O Benfica garantiu, esta quarta-feira, a presença na fase regular da Liga dos Campeões ao vencer o Fenerbahçe por 1-0, no Estádio da Luz. O golo decisivo foi apontado por Kerem Aktürkoglu, aos 35 minutos, num encontro em que as águias dominaram durante largos períodos, viram dois golos anulados e geriram a vantagem na segunda parte frente a uma equipa de José Mourinho que pouco conseguiu criar, acabando reduzida a dez unidades após a expulsão de Anderson Talisca.

Ora, o Estádio da Luz apresentava-se como um anfiteatro romano na noite em que o Benfica jogava não apenas a sua entrada na Liga dos Campeões, mas também um futuro financeiro e institucional que dependia de noventa minutos contra o Fenerbahçe, de José Mourinho.
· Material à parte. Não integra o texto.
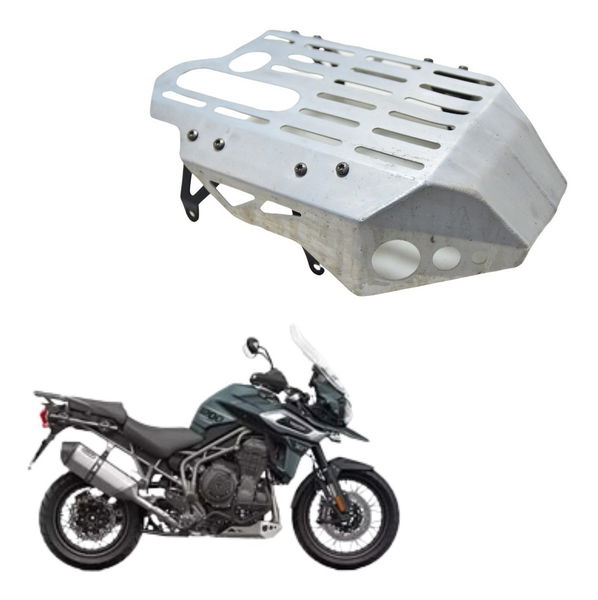 Protetor Carter Triumph Tiger 1200 Xca 18-21 Original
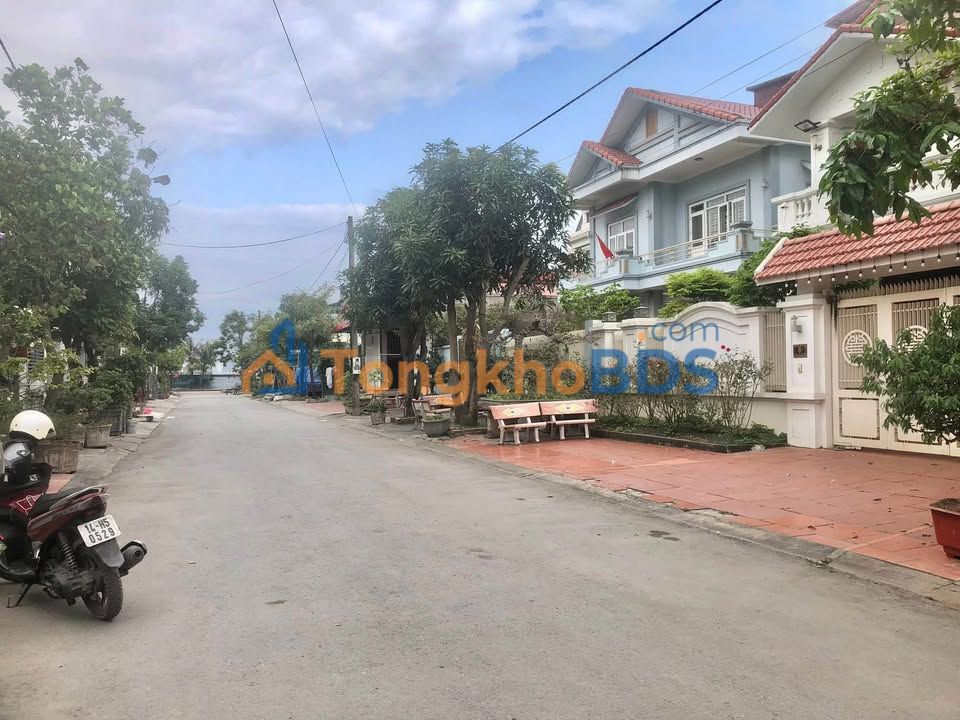 Đất Vàng Đông Triều 100m² - Gần Chợ Bến Do, Hướng Nam, Giá 2 Tỷ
A eliminatória estava empatada, a pressão era total e o ambiente no estádio refletia isso mesmo: bandeiras agitadas, cânticos incessantes e um nervosismo palpável, daqueles que se sentem até nos ossos.

Desde o início percebeu-se que as águias vinham com uma missão clara. Ao contrário do que se tinha visto em Istambul, onde o pragmatismo levou a equipa a atacar com poucos, Bruno Lage lançou um onze mais ambicioso, sobrecarregando a zona central do terreno. Leandro Barreiro, a novidade no meio-campo devido ao castigo de Florentino, surgia solto, numa rotação constante que lhe permitia pressionar alto e aparecer em zonas de finalização. O luxemburguês seria, aliás, uma das figuras da noite, pela entrega, pela omnipresença e até pelas falhas que também marcaram o seu jogo.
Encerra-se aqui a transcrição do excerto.